TASK
Below are the entries to work from; restate word for word the portion that opens with the line containing "Neuler, Baden-Württemberg plot" and closes with the line containing "HAWTHORNE GLEN TWNHMS - Residential", keeping both.

RECORDS SUPPLIED
============
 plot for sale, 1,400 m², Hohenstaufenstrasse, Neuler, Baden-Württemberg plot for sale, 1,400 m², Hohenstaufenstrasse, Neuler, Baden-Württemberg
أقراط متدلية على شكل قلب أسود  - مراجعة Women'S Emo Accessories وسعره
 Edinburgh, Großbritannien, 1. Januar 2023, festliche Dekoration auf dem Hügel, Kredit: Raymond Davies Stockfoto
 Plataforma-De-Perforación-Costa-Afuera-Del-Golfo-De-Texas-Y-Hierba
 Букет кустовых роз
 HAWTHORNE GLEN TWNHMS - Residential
============
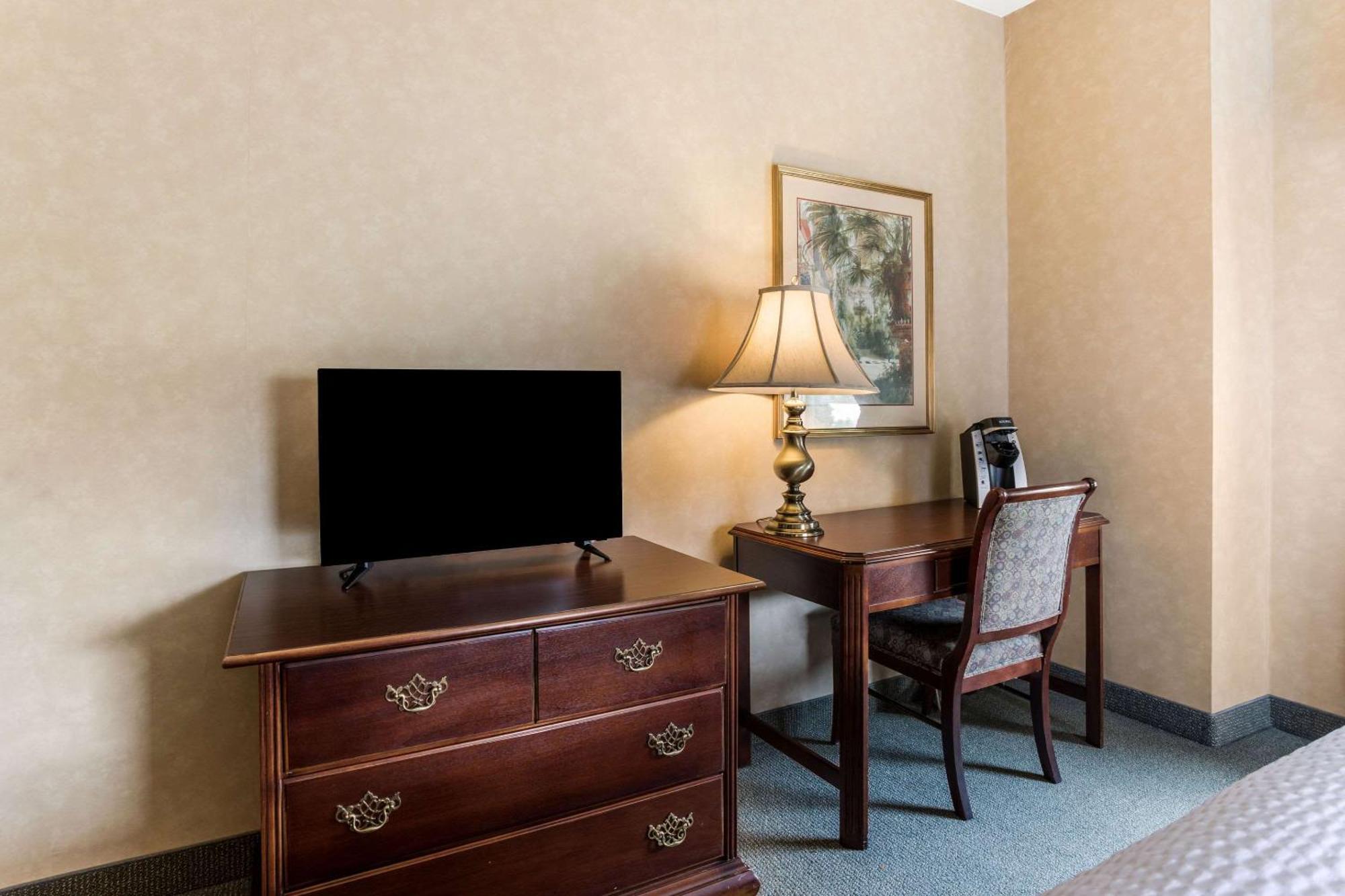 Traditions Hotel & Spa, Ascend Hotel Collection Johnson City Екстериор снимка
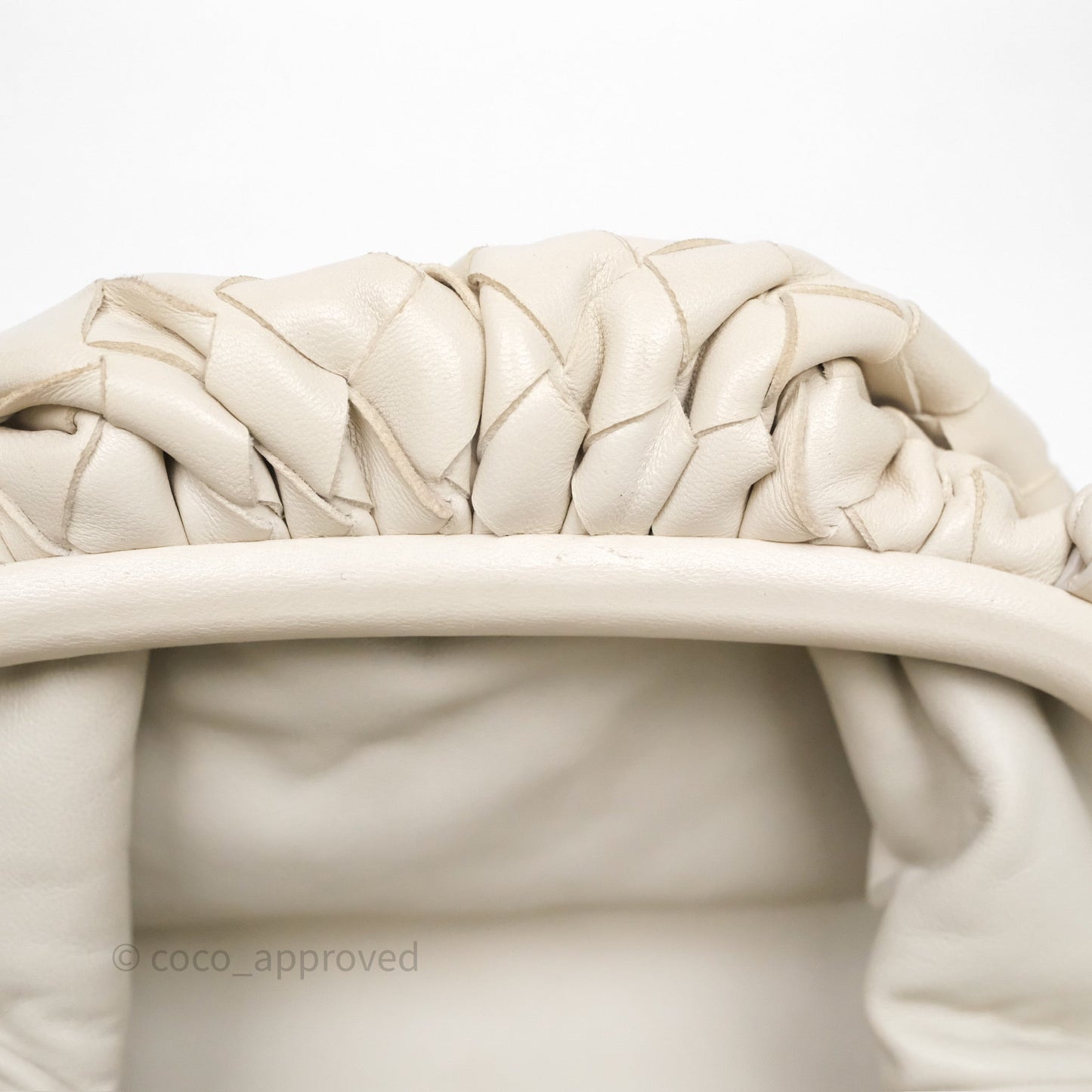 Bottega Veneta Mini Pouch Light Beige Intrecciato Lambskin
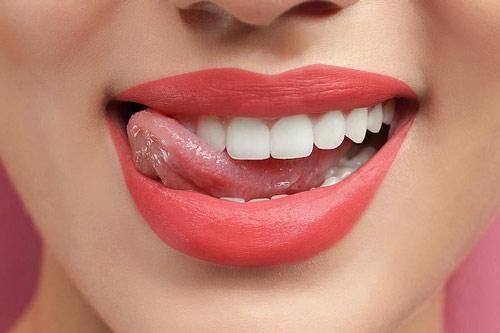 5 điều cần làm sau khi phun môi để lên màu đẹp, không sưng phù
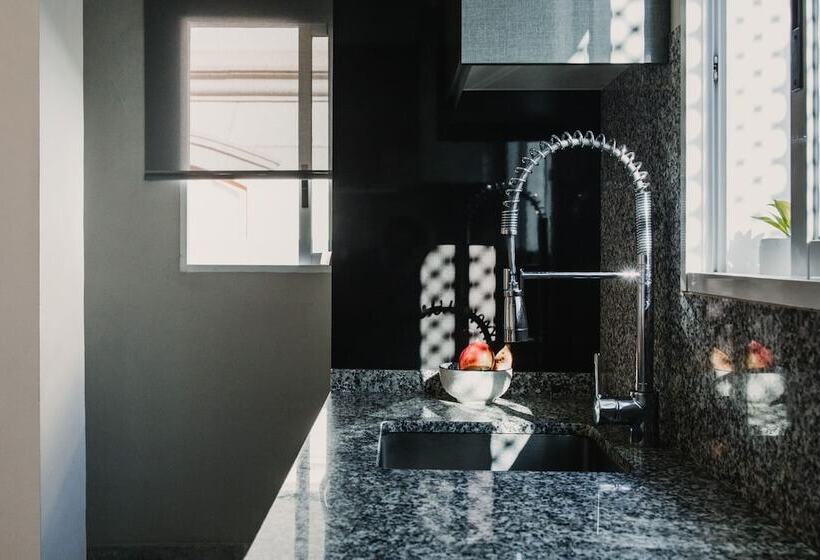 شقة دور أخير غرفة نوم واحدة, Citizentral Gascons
============
ANSWER TO THIS PROBLEM
 plot for sale, 1,400 m², Hohenstaufenstrasse, Neuler, Baden-Württemberg plot for sale, 1,400 m², Hohenstaufenstrasse, Neuler, Baden-Württemberg
أقراط متدلية على شكل قلب أسود  - مراجعة Women'S Emo Accessories وسعره
 Edinburgh, Großbritannien, 1. Januar 2023, festliche Dekoration auf dem Hügel, Kredit: Raymond Davies Stockfoto
 Plataforma-De-Perforación-Costa-Afuera-Del-Golfo-De-Texas-Y-Hierba
 Букет кустовых роз
 HAWTHORNE GLEN TWNHMS - Residential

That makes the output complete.